For TLS 1.0 -- you can't disable it because then your site wouldn't work with a lot of the users.
For SSL 3.0 -- it should apply only to IE6 users on Windows XP, so showing them an error message might be a good idea.
Any kind of disabling should first be monitored by real usage by protocol. For example if using Apache httpd see the setting CustomLog in httpd-ssl.conf file.
It depends what your company is doing:
1. If your page is Linux oriented magazin, then you can most probably disable SSLv3.0 because it is inlikely that IE6 with Windows XP are visiting your web page.
2. If your company is some kind of store, then make sure you don't "piss" the sells people because you have downgraded the profit of your company by disabling some protocol. You know you can disable protocol that are used by older people which have more money and are more conservative about upgrading browsers. So for example disabling 1% of users can result on lowering of 30% of profit.
3. On one my web servers which is used strictly from internal company network, I have disabled all protocols expect TLSv1.2 and also disabled all non-high ciphers. I am sure this web server is accessed by modern browsers, so I have a luxury and real freedom on protocol selection.

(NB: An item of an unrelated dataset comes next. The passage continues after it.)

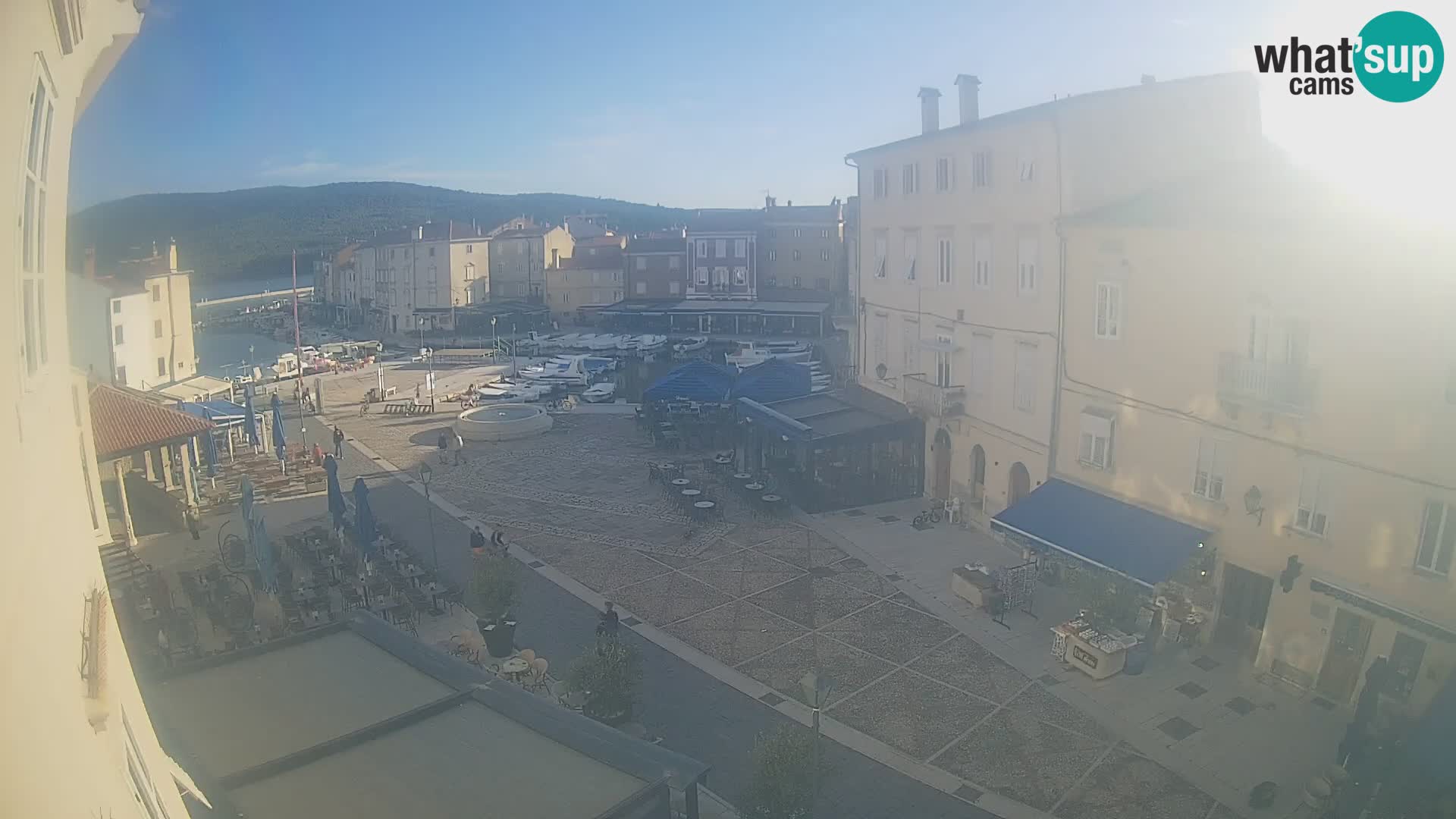 Kamera v ŽIVO Cres mesto – glavni trg in “mandrač” – otok Cres – Hrvaška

You can also post some info for example on top of web page for users using old browsers to upgrade. But be sure that this kind of message will be displayed on minimal possible users. Don't expect that they will upgrade, because there are probably not very computer literate or are using old browsers for some company rule of required browser or similar.
I suggest to do a job and first investigate (monitor web server) how many users are using SSLv3.0 or TLSv1.0 on your web page and then take some actions if required.
Can you provide more info what kind of web page your web server is serving?